Script tools for data set processing [with code]

When doing classification projects (including target detection), the preprocessing of data sets is often involved. Here I will open source some tool script codes I wrote for everyone to use, and will update them from time to time in the future.

Related functions:

1. Classification task one-hot label to single label

2. Statistics of each category in the data set

3. The width and height distribution of pictures in the data set, and the aspect ratio distribution

4. Visualize images with extreme aspect ratios in the dataset


1.one-hot label to order label

For example, the format of our data set is as follows, and the label is in one-hot format.

image1_path.png 1 0 0 # 1 0 0 is a cat

image2_path.png 0 1 0 # 0 1 0 is a dog

image3_path.png 0 0 1 # 0 0 1 is a bird

Now we need to convert one-hot to single category.
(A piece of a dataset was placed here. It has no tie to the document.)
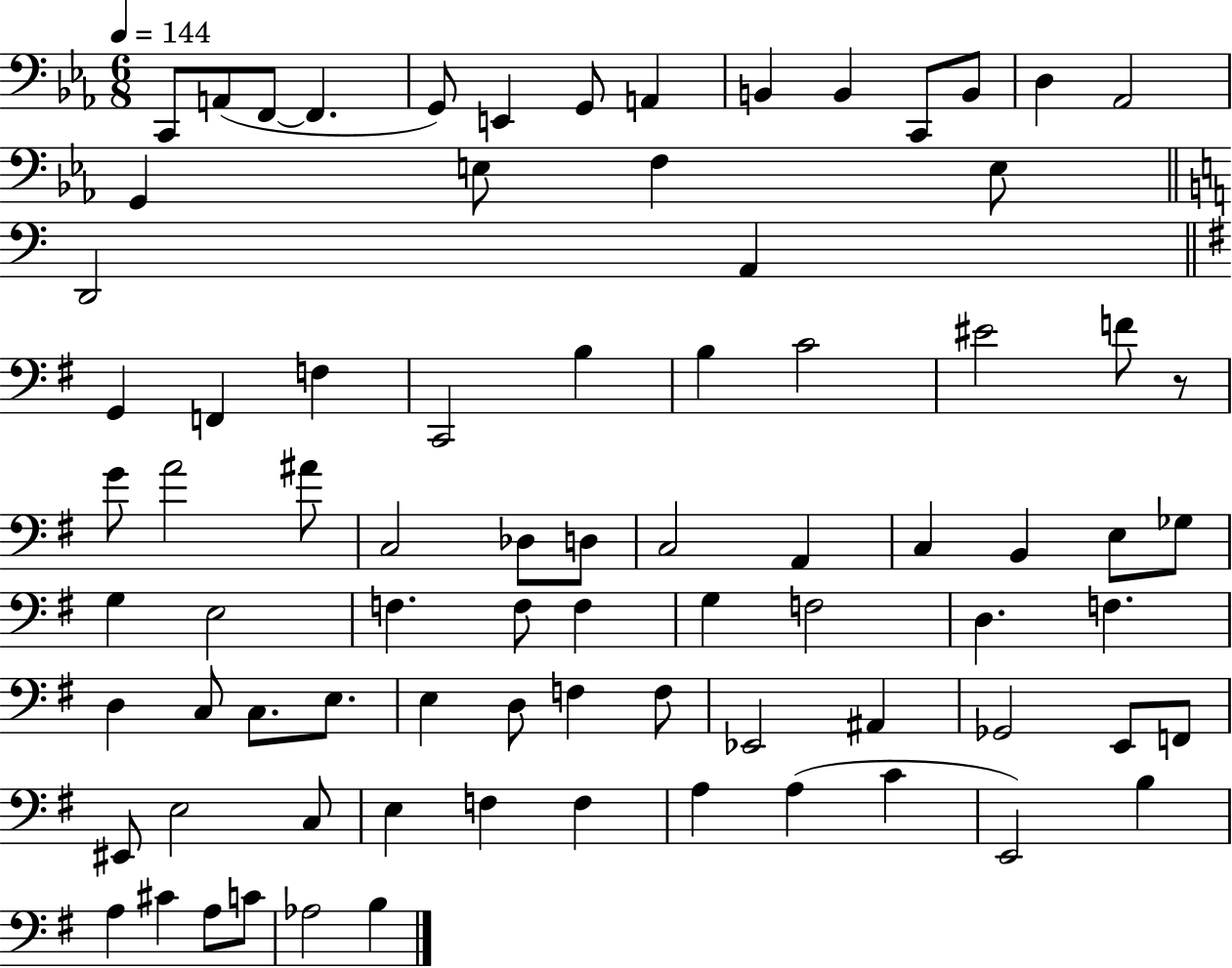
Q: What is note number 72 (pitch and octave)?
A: C4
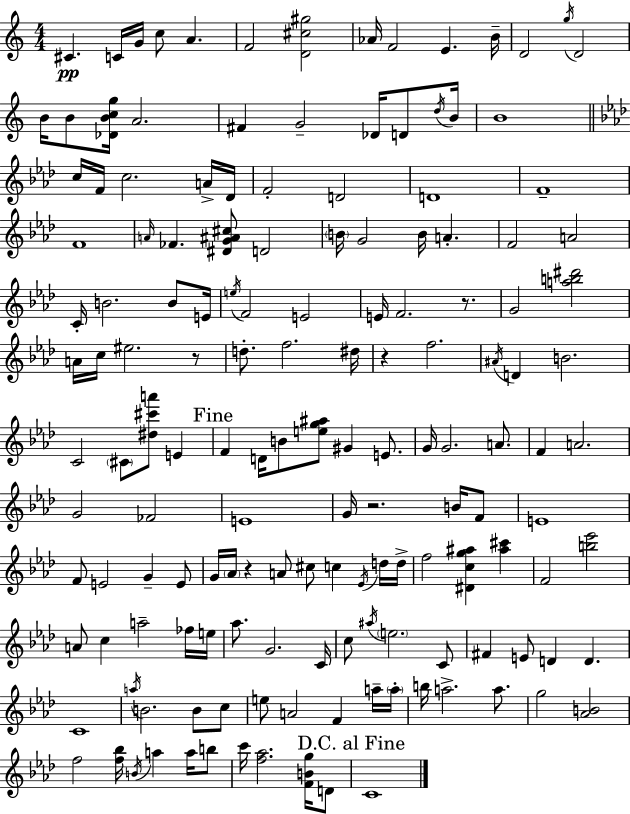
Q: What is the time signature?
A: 4/4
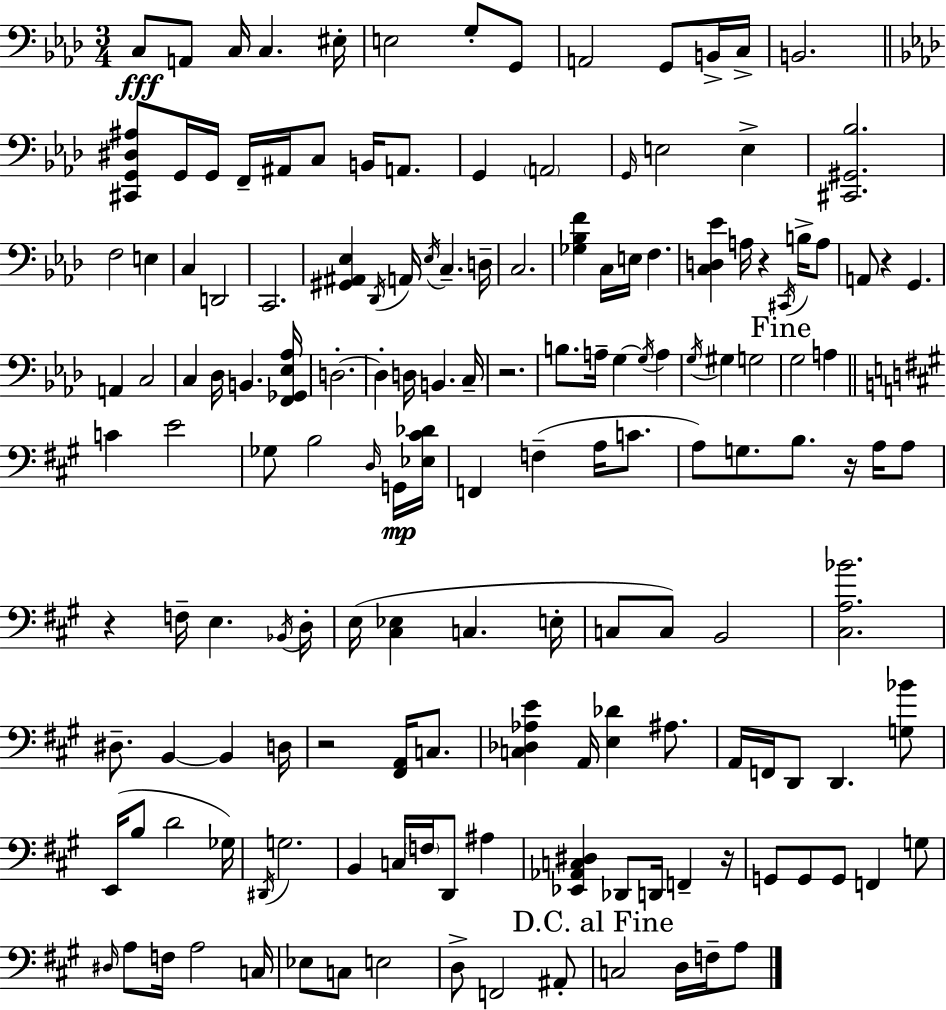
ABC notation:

For example: 0-cat, 1-dog, 2-bird, which is the following form:

image1_path.png 0

image2_path.png 1

image3_path.png 2

......

code show as below:

Among them, train and test are the training set and test set. You can modify the relevant paths according to your own needs.

# 1 0 0-> 0 猫
# 0 1 0-> 1 狗
# 0 0 1-> 2 鸟

train = False
test = False

if train:
    label_list_path = 'or_train.txt' # one-hot数据集的txt路径
    txt_path = '/train.txt' # 处理后的保存路径
elif test:
    label_list_path = 'or_test.txt' # one-hot.txt 路径
    txt_path = '/test.txt' # 处理后的保存路径
with open(label_list_path, 'r') as f:
    lines = f.readlines()
f.close()

label_list = []
for line in lines:
    image_path = line[:-7]
    one_hot_label = line[len(image_path)+1:].strip()
    label = ''

    if one_hot_label == '1 0 0': # 猫
        label = '0'
    elif one_hot_label == '0 1 0': # 狗
        label = '1'
    elif one_hot_label == '0 0 1': # 鸟
        label = '2'
    label_list.append(image_path + ' ' + label)

file = open(txt_path,'w')
for label in label_list:
    file.write(label + '\n')
file.close()

 


 2. Statistics of each category in the data set

The number of each category can be counted and printed, where txt_path is the txt file of the data set. Similarly, it can be modified according to the actual situation.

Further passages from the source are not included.